How Auto Discovery Works - Amazon ElastiCache

How Auto Discovery Works

This section describes how client applications use ElastiCache Cluster Client to manage cache node connections, and interact with data items in the cache.

Connecting to Cache Nodes

From the application's point of view, connecting to the cluster configuration endpoint is no different from connecting directly to an individual cache node. The following sequence diagram shows the process of connecting to cache nodes.


					Connecting to Cache Nodes
1
The application resolves the configuration endpoint's DNS name. Because the configuration endpoint maintains CNAME entries for all of the cache nodes, the DNS name resolves to one of the nodes; the client can then connect to that node.
2
The client requests the configuration information for all of the other nodes. Since each node maintains configuration information for all of the nodes in the cluster, any node can pass configuration information to the client upon request.
3

The client receives the current list of cache node hostnames and IP addresses. It can then connect to all of the other nodes in the cluster.

Note

The client program refreshes its list of cache node hostnames and IP addresses once per minute. This polling interval can be adjusted if necessary.

Normal Cluster Operations

When the application has connected to all of the cache nodes, ElastiCache Cluster Client determines which nodes should store individual data items, and which nodes should be queried for those data items later. The following sequence diagram shows the process of normal cluster operations.

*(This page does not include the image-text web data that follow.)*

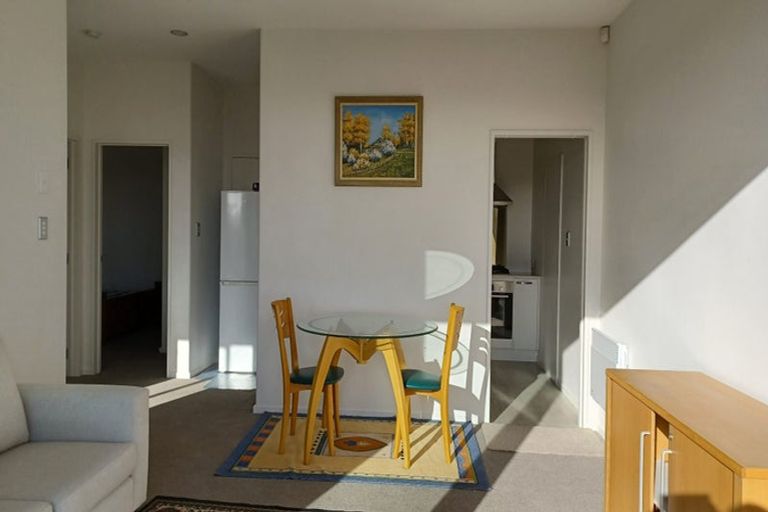 Photo of property in 128 Ormonde Drive, Silverdale, 0932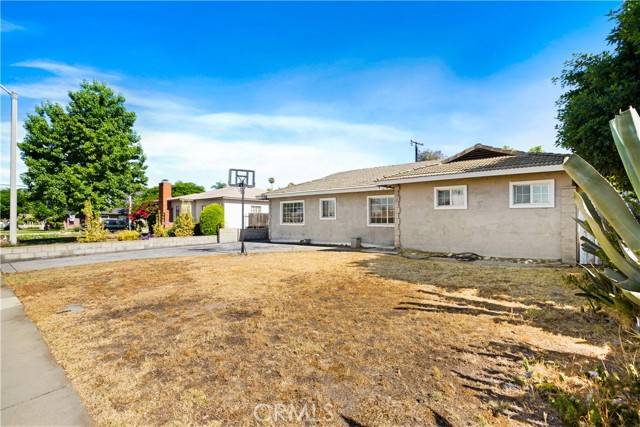 Pomona, CA 91767,1811 Elaine Street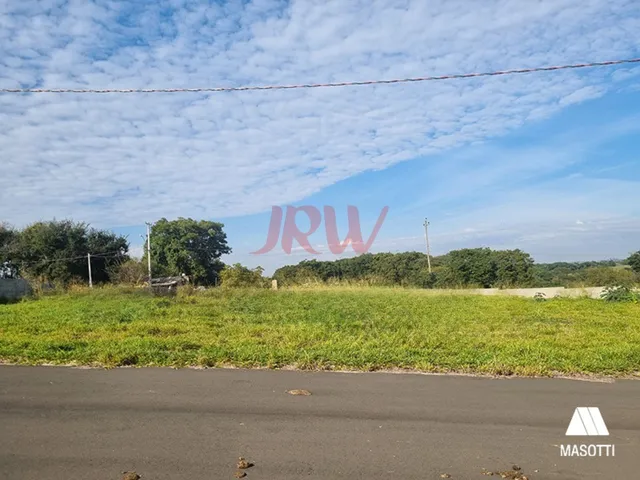 Imagem: Oportunidade - Terreno no Condominio Reserva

					Normal Cluster Operations
1
The application issues a get request for a particular data item, identified by its key.
2
The client uses a hashing algorithm against the key to determine which cache node contains the data item.
3
The data item is requested from the appropriate node.
4
The data item is returned to the application.

Other Operations

In some situations, you might make a change to a cluster's nodes. For example, you might add an additional node to accommodate additional demand, or delete a node to save money during periods of reduced demand. Or you might replace a node due to a node failure of one sort or another.

When there is a change in the cluster that requires a metadata update to the cluster's endpoints, that change is made to all nodes at the same time. Thus the metadata in any given node is consistent with the metadata in all of the other nodes in the cluster.

In each of these cases, the metadata is consistent among all the nodes at all times since the metadata is updated at the same time for all nodes in the cluster. You should always use the configuration endpoint to obtain the endpoints of the various nodes in the cluster. By using the configuration endpoint, you ensure that you will not be obtaining endpoint data from a node that “disappears” on you.

Adding a Node

During the time that the node is being spun up, its endpoint is not included in the metadata. As soon as the node is available, it is added to the metadata of each of the cluster’s nodes. In this scenario, the metadata is consistent among all the nodes and you will be able to interact with the new node only after it is available. Before the node being available, you will not know about it and will interact with the nodes in your cluster the same as though the new node does not exist.

Deleting a Node

When a node is removed, its endpoint is first removed from the metadata and then the node is removed from the cluster. In this scenario the metadata in all the nodes is consistent and there is no time in which it will contain the endpoint for the node to be removed while the node is not available. During the node removal time it is not reported in the metadata and so your application will only be interacting with the n-1 remaining nodes, as though the node does not exist.

Replacing a Node

If a node fails, ElastiCache takes down that node and spins up a replacement. The replacement process takes a few minutes. During this time the metadata in all the nodes still shows the endpoint for the failed node, but any attempt to interact with the node will fail. Therefore, your logic should always include retry logic.